始祖一色公深は吉良庄一色(現愛知県豊川市)に居住しその地名をとって「一色氏」を名乗りました。公深の先祖は清和源氏の血を引く足利氏の一族です。足利氏は栃木県の足利に住んで足利氏を名乗りました。公深はこの足利氏の三代目泰氏の婚外子として弘長3年(1263年)に生まれたと伝えられています。公深は故あって吉良庄の地頭職であった母方の桜井家で養育され、その職を継いだものと思われます。その後元応元年(1319年)に父・泰氏の遺領総州下川辺庄(現埼玉県幸手市)の地頭職につき一色の地を去ります。


 一色氏はこのように公深を祖として継がれていきましたが、大別すると京都系の一色と関東系の一色に分かれます。京都系は一色家の主流で有力守護大名、赤松・山名・京極の諸氏と並んで四職家の一つに数えられ室町幕府を支える重臣でした。一方関東系一色は室町時代に関東以北の地を統治するために設けられた鎌倉公方その後の古河公方の重臣として下向したものと思われます。私の先祖はこの関東系一色に連なることが記録されていました。

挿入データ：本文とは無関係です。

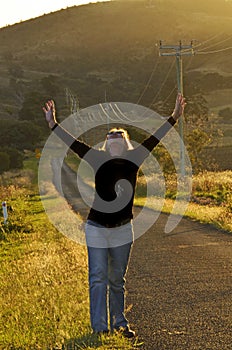 Woman in beautiful countryside raising arms to thank God for answered prayer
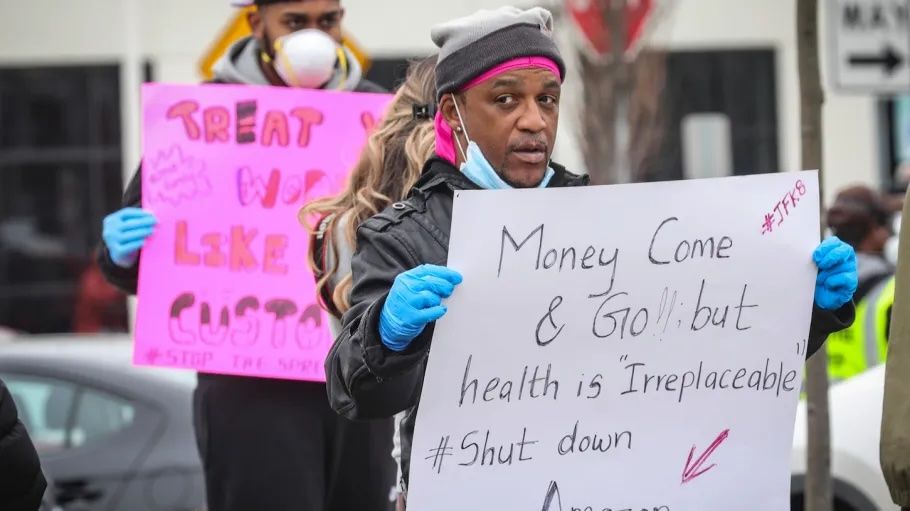 Photograph of Gerald Bryson, center, another leader of the March 2020 walkout, holding a sign that says “Money come and go, but health is irreplacable #shutdownamazon”. Photo Source: Sourcing Journal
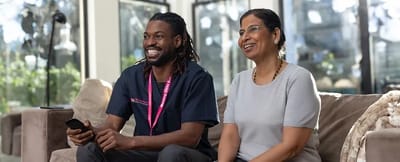 Staff member and resident enjoying time together in a lounge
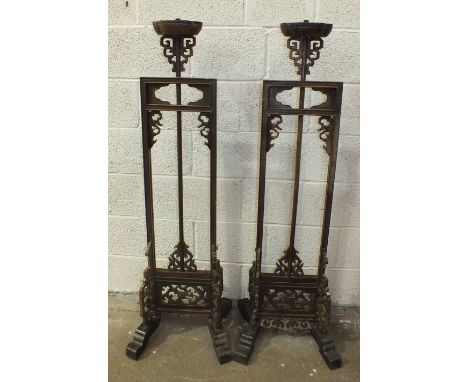 A pair of Chinese carved hardwood adjustable lamp stands, 137cm high, 188cm maximum, (one with damage to carving), (2).
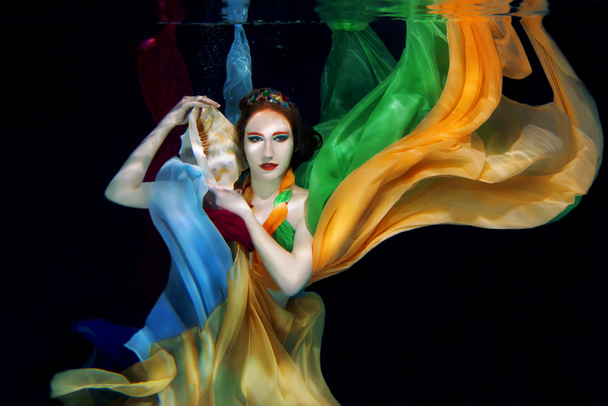 Red hair girl with big sea shell in colorful clothes on the dark background underwater - Photo, Image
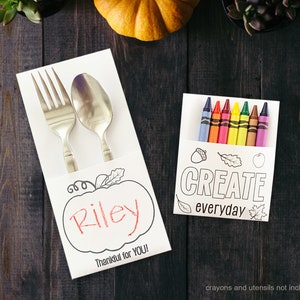 Pu&ograve; includere: Una tovaglietta di carta bianca con un disegno di zucca e il nome "Riley" scritto all'interno. La tovaglietta comprende una forchetta e un cucchiaio e il testo "Thankful for YOU!" in basso. Un biglietto di carta bianca separato con un disegno di zucca, ghianda e foglia include il testo "CREATE everyday" e una fila di otto pastelli.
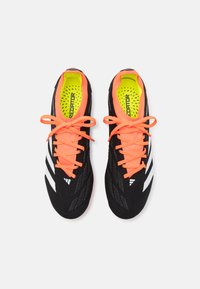 Scarpe da calcio nere in materiale testurizzato, con lacci arancioni brillanti e un'insole giallo neon, decorate con tre strisce bianche.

 「一色」という姓は、荘園制度によってその地名は甚だ多く、従てその地名に由来して一色氏も数流あるそうです。昭和55年(1980年)11月に一色姓を名乗る方々が50人ほど集まって「全国一色同族会」を結成しました。父がその発起人の一人になっていた関係から私も駆り出されました。同族会結成式の模様は全国紙の地方版(所縁の愛知版、埼玉版)並びに歴史専門雑誌などで報道されました。当時の登録会員数は百数十名、地域は北海道から九州まで分布しています。同会の活動は会報の発行が中心でしたが幹事役の高齢化・死去に伴い現在は休眠状態となっています。



私の先祖 “幸手一色”


私の先祖にとって所縁のある幸手市は埼玉県北東部に位置しています。東武日光線幸手駅を下車し徒歩数分の場所に稲荷神社があり、幸手市の史跡「一色館跡と陣屋稲荷」と書かれた掲示板が設置され次のような記載があります。


「ここは古河公方足利氏の家臣一色氏が館をかまえていた跡といわれている。

一色直朝は天文年中(1532~55)に、足利晴氏、義氏にしたがい、のち田宮庄(幸手)に住したという、直朝の子の義直も幸手に父とともに住したが、小田原の北条氏没落後は徳川家康に仕え幸手庄のうちにおいて5,160石余の領地を与えられている。陣屋稲荷は別名一色稲荷とも呼ばれ一色氏の守り神として祀られた氏神であると伝えられている。」


この掲示板に記載されている一色直朝・義直は私の直系の先祖です。義直は幸手領内に徳川家康から5160石の知行地を与えられ以降明治維新まで旗本として処遇されました。義直の後継の直氏の時に知行地替えが行われ、下総国相馬郡木野崎村(現茨城県守谷市)へ移り住みます。その後も変更があり長篠の戦いで知られる三州設楽郡長篠村(現愛知県新城市)が最後の知行地となりました。このように短期間で幸手の地から離れていくのですが“幸手一色氏”と言われています。家系図によると私は義直から数えて15代目になります。また実家には一色稲荷を祀った神棚があったことを記憶しています。




高祖父、曾祖父、祖父のこと


 私の高祖父(曾祖父の父)一色直休は、甲府勤番支配・長崎奉行・勘定奉行など江戸幕府の要職を担い、その後御三卿の一つである田安家の家老を勤め、安政2年(1855年)に没しました。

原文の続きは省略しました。